> **TASK TO CARRY OUT**:
Look below for the line with "Luxoro Premium Pink"; begin the copy there and stop after the line with "124 Empress AVE S - 18", keeping the text exact and the pictures out.

----- MATERIAL FOR THIS EXERCISE -----

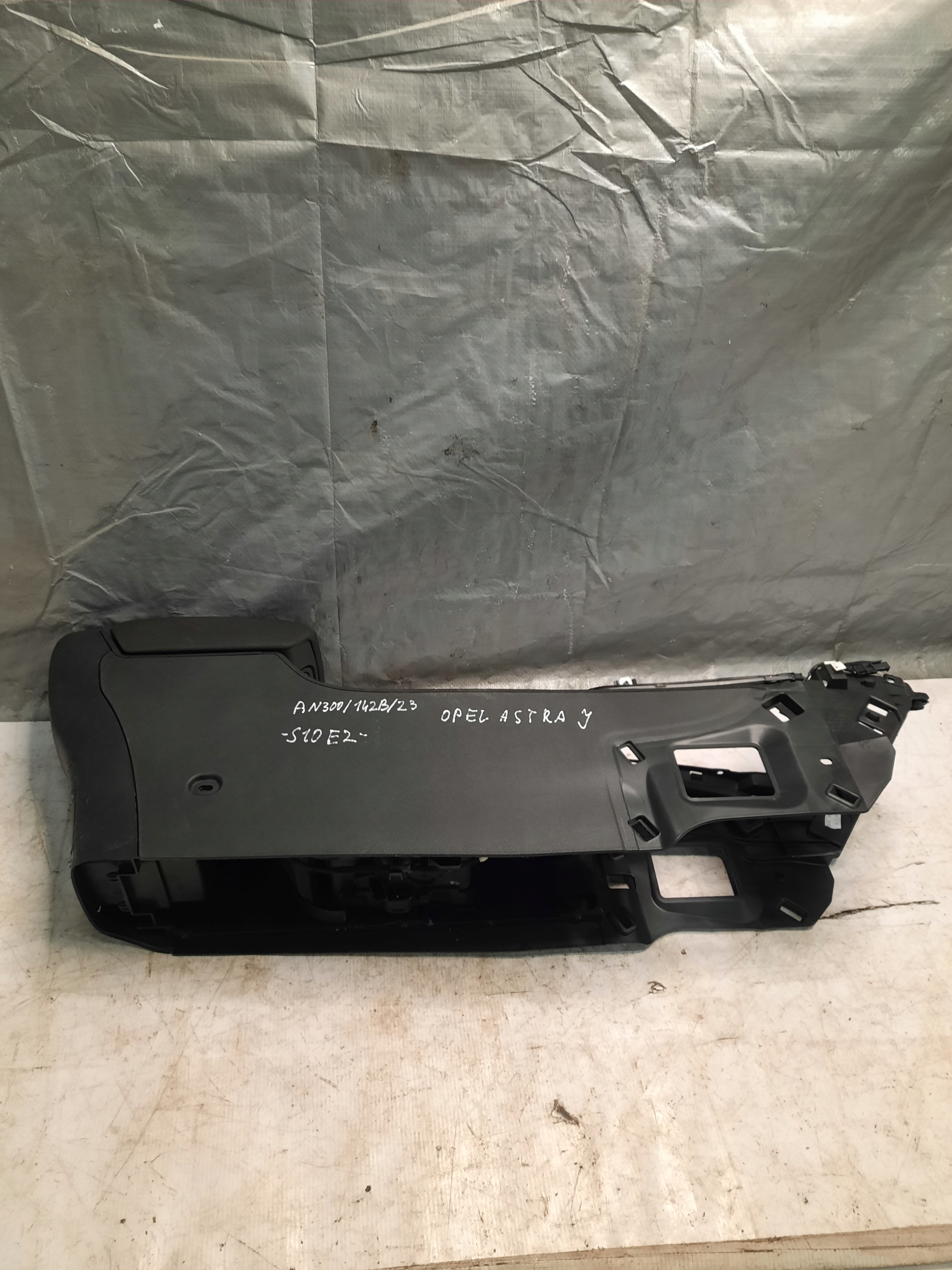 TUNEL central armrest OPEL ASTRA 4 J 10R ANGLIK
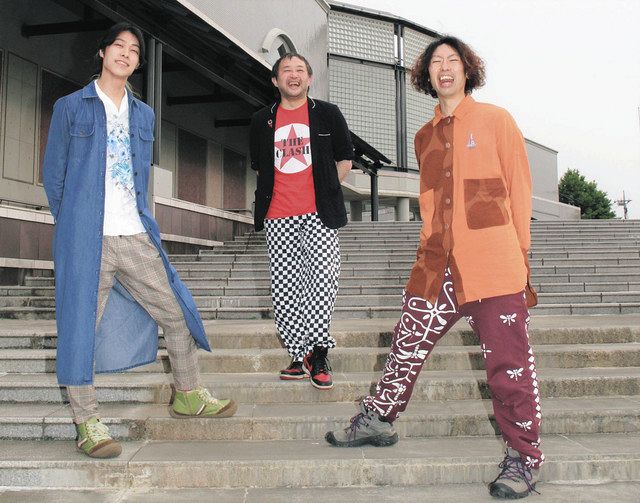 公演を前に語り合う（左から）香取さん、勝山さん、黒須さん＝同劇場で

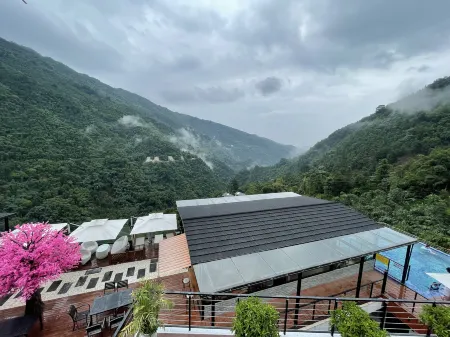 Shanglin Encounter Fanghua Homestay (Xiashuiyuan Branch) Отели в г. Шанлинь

-----
----- MATERIAL FOR THIS EXERCISE -----

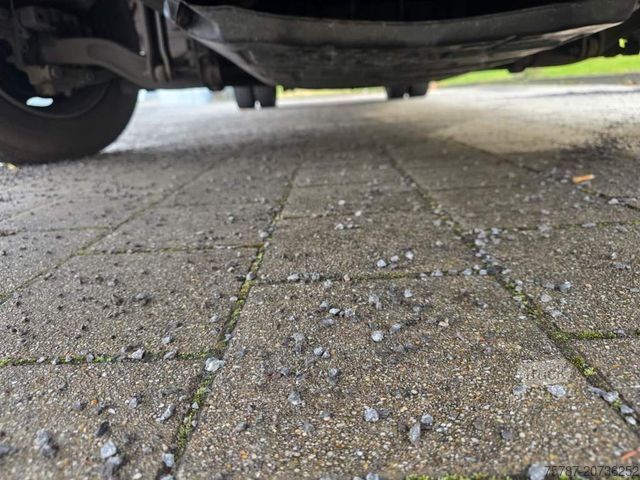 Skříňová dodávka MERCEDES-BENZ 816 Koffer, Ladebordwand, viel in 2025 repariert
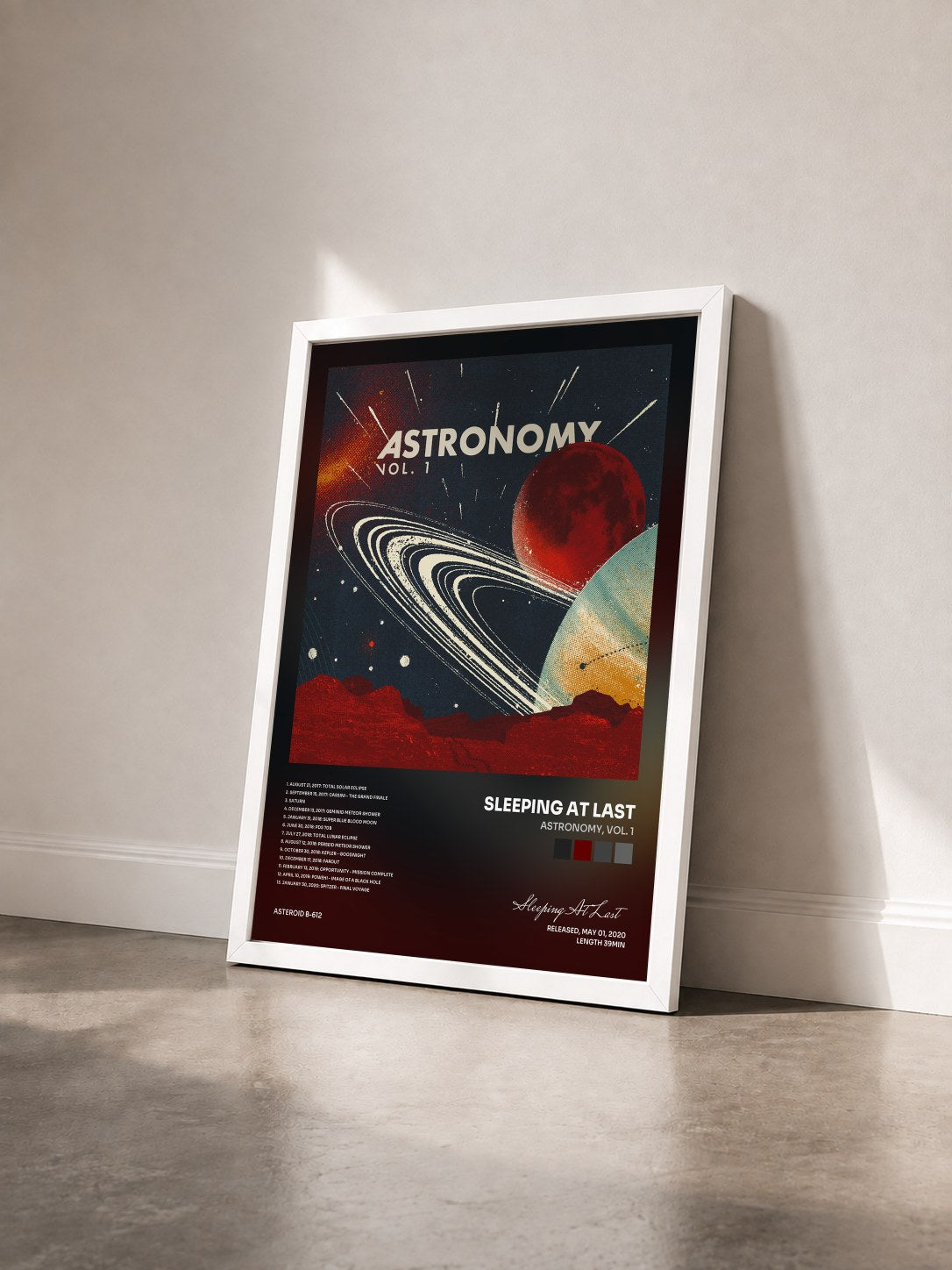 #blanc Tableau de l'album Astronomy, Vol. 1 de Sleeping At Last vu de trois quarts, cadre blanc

-----
----- MATERIAL FOR THIS EXERCISE -----

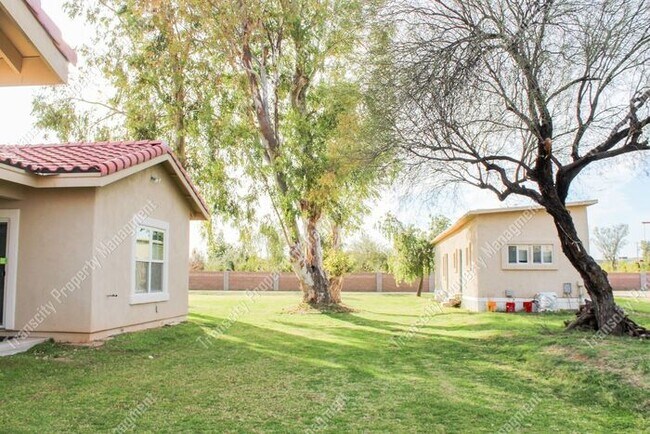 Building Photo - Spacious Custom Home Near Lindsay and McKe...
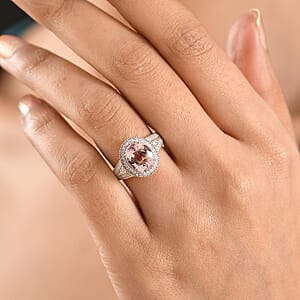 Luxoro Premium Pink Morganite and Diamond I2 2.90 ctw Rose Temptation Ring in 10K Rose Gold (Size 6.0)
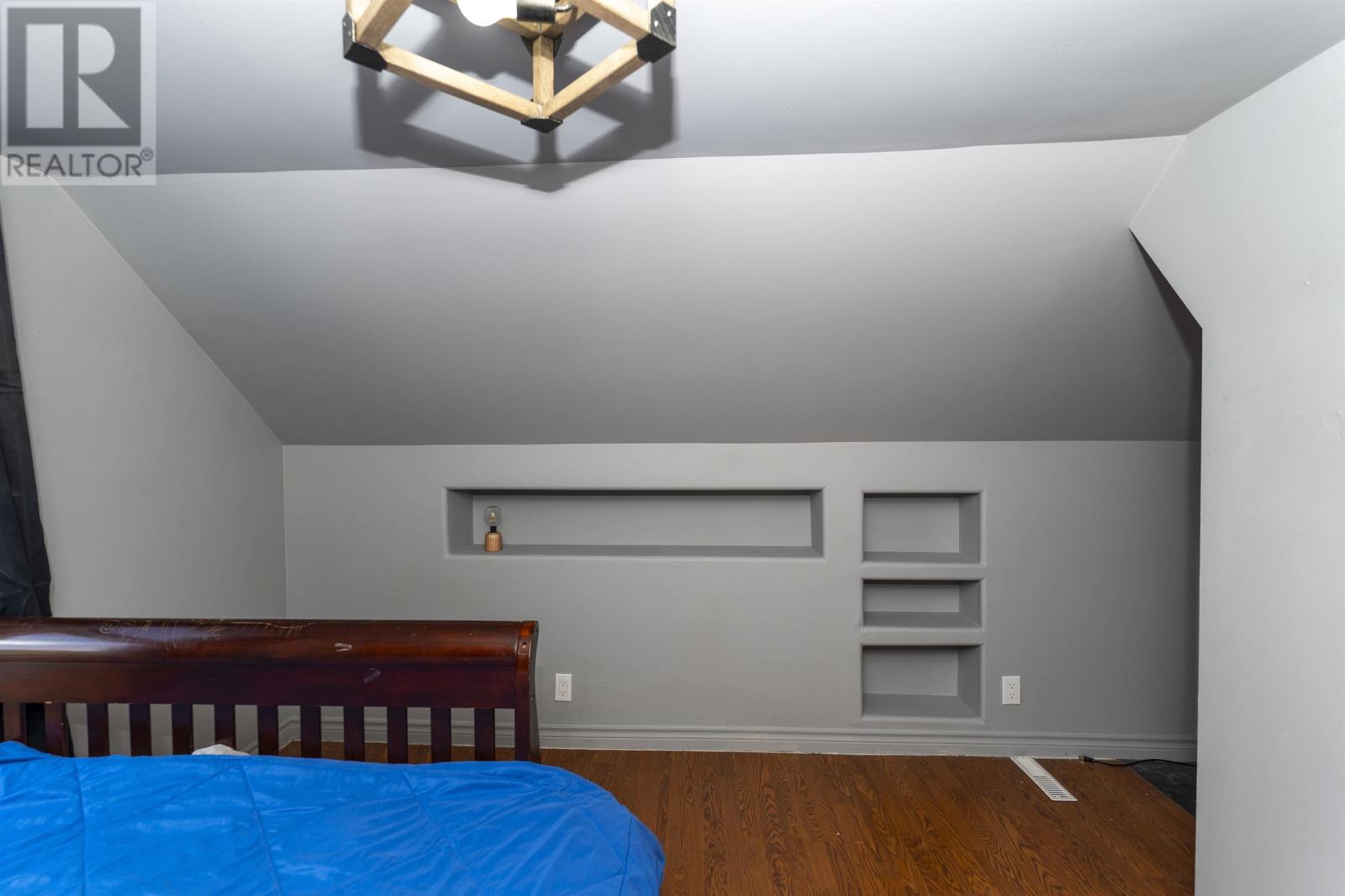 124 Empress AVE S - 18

-----

> **ANSWER SECTION**:
 Luxoro Premium Pink Morganite and Diamond I2 2.90 ctw Rose Temptation Ring in 10K Rose Gold (Size 6.0)
 124 Empress AVE S - 18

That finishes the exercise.